I would say this is a fair assessment in the sense that Meyer probably has more years behind him than ahead of him, which is less likely to be the case for Swinney.
Now whether the Clemson coach, who at 48 is five years younger than Meyer, was implying (or outright said) age was going to catch up with the Ohio State coach sooner is unclear.
The followup question introduced age into the equation, and Carman acknowledged that was “an underlying factor.”
I think it’s fair to assume based on all the things he talked about in regards to making his choice, it was pretty low on the list.
The idea Clemson is a program on the rise is accurate. The Tigers are the defending national champions, after all, and they haven’t been recruiting at an elite level as long as Ohio State or Alabama.
Ohio State reached the top of the mountain before Clemson, which ironically can work against the Buckeyes in this case, at least when it comes to perception.
Meyer is one who talks about the importance of momentum with programs all the time, and no one has more than the Tigers — even Alabama…
Of course, Ohio State still signed a higher-rated recruiting class than Clemson or Alabama.
The Buckeyes are not exactly in a crisis under Meyer even if there are some persistent questions tied to someof their losses over last three seasons.

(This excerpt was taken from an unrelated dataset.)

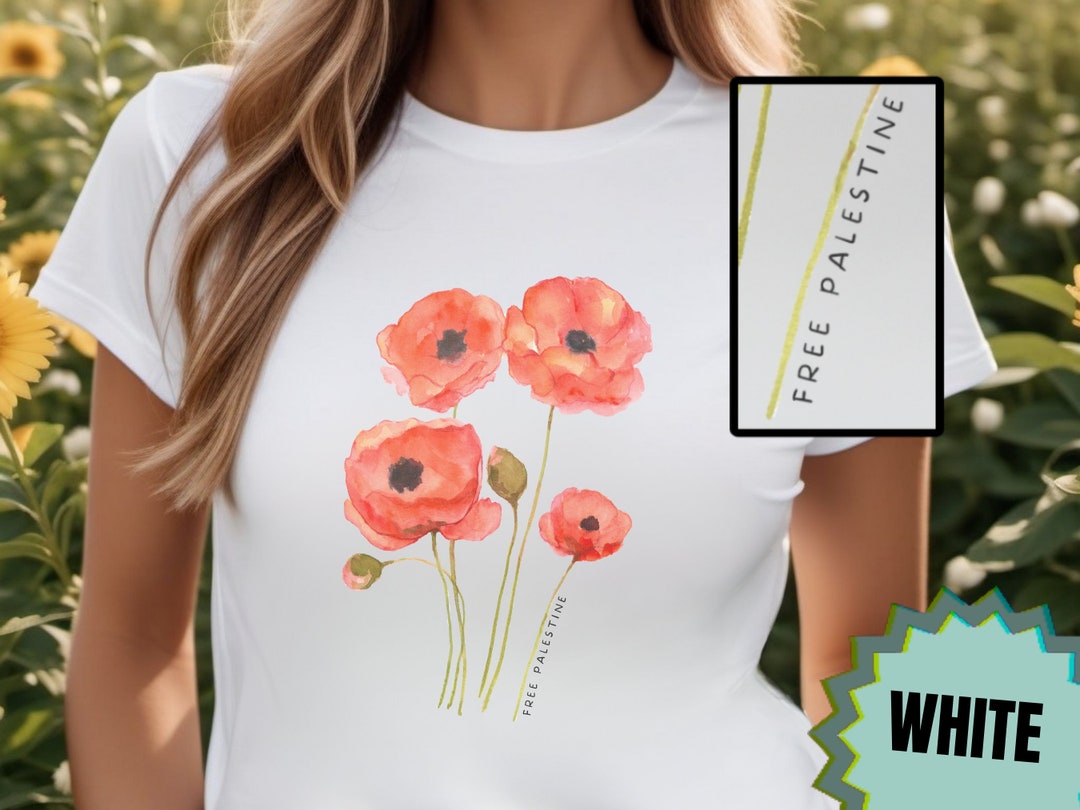 Gaza Poppy Free Palestine Poppy Shirt Cease Fire Peaceful Protest Shirt ...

Wayne’s Blue Smith was among the 21 players to sign with Ohio State yesterday...
Meanwihle, Fickell’s first full-year class at Cincinnati is ranked No. 46 as of today.
That’s quite an accomplishment, especially since the first season didn’t go so well on the field.
Xenia’s Meechi Harris was a signing-day pickup for Fickell after the talented receiver and return man dropped Kentucky a day earlier...
Finally how about Miami? Coach Chuck Martin’s class is ranked only ninth in the MAC at this point, but that probably owes at least something to having only 12 players at this point.
He implied Belmont defensive back Jadon Rucker-Furlow has the potential to greatly outplay his recruiting ranking thanks to his frame and relative inexperience.